Although the YWCA attracted donations from the private sector, Rokotuivuna did not compromise her socialist beliefs when promoting workers' rights, advocating for the formation of trade unions. She was also keen to upgrade the position of household workers, supporting their efforts to create a union.

From 1992 to 1995, Rokotuivuna worked as Programme Secretary for Advocacy for the World YWCA headquarters in Geneva, Switzerland. At the time of her death, she was President of the Fiji YWCA Board of Directors and a lecturer at the University of the South Pacific in Suva.

==Anti-nuclear activism==
Protests against French nuclear tests in the region, which Rokotuivuna played a leading role in organizing, became almost daily events. These were particularly organized outside the office of the French airline UTA, which serviced French territories and colonies. She was one of the founders of ATOM (Against Testing on Moruroa), FANG (Fiji Anti-Nuclear Group), and NFIP (Nuclear Free and Independent Pacific), which arose out of a regional conference called by ATOM and later became PCRC (Pacific Concerns Resource Centre). She was very much involved with that Conference, which was held in Suva in April, 1975. International awareness of her opposition to French testing led to an invitation to participate in an NGO meeting held in parallel with the first United Nations World Conference on Women, held in Mexico City in 1975, where she spoke out against nuclear testing in the Pacific by the French, American and British nuclear powers.

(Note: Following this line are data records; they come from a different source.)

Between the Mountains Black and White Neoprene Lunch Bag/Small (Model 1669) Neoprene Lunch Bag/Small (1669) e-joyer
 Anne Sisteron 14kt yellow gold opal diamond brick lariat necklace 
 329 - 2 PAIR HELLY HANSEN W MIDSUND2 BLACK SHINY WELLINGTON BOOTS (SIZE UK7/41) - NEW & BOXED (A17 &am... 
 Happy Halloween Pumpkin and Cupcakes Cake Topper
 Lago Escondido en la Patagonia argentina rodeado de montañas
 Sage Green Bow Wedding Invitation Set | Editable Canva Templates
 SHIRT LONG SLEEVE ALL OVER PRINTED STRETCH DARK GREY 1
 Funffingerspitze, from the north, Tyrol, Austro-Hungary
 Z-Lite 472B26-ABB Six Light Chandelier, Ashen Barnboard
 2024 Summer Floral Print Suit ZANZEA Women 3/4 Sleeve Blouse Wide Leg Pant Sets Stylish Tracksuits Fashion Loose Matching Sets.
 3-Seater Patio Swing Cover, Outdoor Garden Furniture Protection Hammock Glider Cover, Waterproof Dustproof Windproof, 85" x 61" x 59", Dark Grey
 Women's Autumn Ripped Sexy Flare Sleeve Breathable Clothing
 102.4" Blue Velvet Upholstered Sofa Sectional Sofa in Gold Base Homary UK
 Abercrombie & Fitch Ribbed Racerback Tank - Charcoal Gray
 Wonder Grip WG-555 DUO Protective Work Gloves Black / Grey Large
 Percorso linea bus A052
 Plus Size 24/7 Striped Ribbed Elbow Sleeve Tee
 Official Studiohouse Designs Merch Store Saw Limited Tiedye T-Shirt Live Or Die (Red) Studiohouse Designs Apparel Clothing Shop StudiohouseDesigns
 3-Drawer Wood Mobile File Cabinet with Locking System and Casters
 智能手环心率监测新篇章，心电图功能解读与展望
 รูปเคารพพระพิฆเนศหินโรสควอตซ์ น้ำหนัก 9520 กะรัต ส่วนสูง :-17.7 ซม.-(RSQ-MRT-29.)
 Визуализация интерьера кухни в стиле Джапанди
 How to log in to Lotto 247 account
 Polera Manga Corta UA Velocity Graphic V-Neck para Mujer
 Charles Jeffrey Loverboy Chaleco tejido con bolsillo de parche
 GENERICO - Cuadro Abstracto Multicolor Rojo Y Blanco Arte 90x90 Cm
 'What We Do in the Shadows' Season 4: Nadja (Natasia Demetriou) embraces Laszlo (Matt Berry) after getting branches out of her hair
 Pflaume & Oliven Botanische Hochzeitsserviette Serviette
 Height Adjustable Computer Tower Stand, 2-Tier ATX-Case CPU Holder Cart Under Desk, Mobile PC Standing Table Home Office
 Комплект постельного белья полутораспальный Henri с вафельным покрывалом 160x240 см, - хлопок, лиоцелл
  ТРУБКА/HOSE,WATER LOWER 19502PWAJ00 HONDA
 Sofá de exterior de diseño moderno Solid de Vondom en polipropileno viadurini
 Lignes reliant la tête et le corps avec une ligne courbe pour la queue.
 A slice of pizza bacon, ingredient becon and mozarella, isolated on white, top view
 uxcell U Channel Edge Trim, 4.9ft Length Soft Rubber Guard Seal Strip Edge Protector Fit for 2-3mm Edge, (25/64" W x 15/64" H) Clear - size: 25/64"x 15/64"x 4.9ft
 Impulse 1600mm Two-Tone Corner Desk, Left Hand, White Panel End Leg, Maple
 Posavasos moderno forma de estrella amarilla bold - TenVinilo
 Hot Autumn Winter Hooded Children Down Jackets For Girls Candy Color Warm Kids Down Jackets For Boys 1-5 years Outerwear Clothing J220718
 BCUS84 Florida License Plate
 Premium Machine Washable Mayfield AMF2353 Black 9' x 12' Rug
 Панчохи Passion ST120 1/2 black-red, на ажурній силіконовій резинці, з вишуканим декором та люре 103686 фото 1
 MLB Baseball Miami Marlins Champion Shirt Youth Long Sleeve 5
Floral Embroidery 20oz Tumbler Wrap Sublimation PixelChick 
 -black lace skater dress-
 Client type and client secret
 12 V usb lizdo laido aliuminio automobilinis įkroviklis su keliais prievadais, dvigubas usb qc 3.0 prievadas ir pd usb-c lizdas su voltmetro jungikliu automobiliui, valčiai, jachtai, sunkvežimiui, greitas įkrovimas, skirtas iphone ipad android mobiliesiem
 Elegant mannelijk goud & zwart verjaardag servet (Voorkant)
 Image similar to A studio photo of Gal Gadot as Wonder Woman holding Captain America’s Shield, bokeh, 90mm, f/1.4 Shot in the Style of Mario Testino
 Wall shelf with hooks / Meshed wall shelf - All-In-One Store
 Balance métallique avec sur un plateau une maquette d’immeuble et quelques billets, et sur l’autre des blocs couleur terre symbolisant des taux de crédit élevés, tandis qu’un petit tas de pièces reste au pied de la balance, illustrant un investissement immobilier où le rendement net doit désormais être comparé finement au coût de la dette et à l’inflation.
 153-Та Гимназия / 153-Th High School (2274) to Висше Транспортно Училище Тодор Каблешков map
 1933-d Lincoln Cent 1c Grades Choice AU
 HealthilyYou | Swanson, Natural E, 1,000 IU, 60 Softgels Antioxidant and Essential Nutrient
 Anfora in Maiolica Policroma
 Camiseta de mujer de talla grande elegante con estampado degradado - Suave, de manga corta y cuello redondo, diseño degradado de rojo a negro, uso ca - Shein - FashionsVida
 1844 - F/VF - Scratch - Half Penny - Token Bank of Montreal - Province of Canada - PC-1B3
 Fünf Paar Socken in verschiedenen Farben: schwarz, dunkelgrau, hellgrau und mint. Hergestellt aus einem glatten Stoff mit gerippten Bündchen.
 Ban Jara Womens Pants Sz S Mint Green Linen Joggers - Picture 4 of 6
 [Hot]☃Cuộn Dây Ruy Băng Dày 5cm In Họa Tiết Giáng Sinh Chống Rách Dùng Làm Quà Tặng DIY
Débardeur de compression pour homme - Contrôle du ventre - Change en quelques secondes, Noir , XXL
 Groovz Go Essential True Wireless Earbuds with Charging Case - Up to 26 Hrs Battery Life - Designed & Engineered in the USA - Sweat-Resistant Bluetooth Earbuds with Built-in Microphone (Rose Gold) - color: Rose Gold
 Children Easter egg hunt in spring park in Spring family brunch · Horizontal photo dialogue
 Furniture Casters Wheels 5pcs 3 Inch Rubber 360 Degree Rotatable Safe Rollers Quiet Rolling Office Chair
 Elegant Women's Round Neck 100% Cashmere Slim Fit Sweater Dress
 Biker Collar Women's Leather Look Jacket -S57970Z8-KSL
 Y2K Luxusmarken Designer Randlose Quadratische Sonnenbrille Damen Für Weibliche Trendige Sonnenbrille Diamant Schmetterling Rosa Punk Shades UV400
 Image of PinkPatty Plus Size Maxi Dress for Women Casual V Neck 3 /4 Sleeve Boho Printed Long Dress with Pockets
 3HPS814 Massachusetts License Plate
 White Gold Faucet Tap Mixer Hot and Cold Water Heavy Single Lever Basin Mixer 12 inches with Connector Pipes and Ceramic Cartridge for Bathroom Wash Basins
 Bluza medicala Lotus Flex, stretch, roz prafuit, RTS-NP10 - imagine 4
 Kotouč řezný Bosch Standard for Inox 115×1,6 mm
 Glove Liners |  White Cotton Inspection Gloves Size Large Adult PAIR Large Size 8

==Opposition to military coups==
In 1980, Rokotuivuna co-organised a protest against the Chilean dictator, Augusto Pinochet, when his plane landed in Fiji for refuelling, throwing tomatoes at the plane and persuading the airport ground staff to refuse to refuel the plane, resulting in the Fijian military having to do the job. During the two Fijian coups in 1987, which were aimed at ensuring that the indigenous Fijians would not lose power to the Indo-Fijians, Rokotuivuna paid a personal price by defying many fellow Fijians to argue for a multicultural and tolerant vision of Fiji. She was briefly imprisoned for her ideas. Rokotuivuna has said that the major challenge for Fiji people was to understand human rights. She led a youth protest march after the first of the two coups. Later, she worked with the Citizens' Constitutional Forum in the 1990s to secure popular agreement on a new democratic constitution.

==Publications==
- Working with women: a community development handbook for Pacific women. 1988. South Pacific Commission Handbook No. 29.
- Fiji: a developing Australian colony. 1973. International Development Action. In this paper, Rokotuivuna argued that Australia's position as the dominant economic power in Fiji would contribute to the exacerbation in the future of existing problems, particularly in light of the country's reliance upon a sugar industry that was largely controlled by the Australian company, Colonial Sugar Refinery.

==Death==
Amelia Rokotuivuna died of cancer on 2 June 2005. She had one son.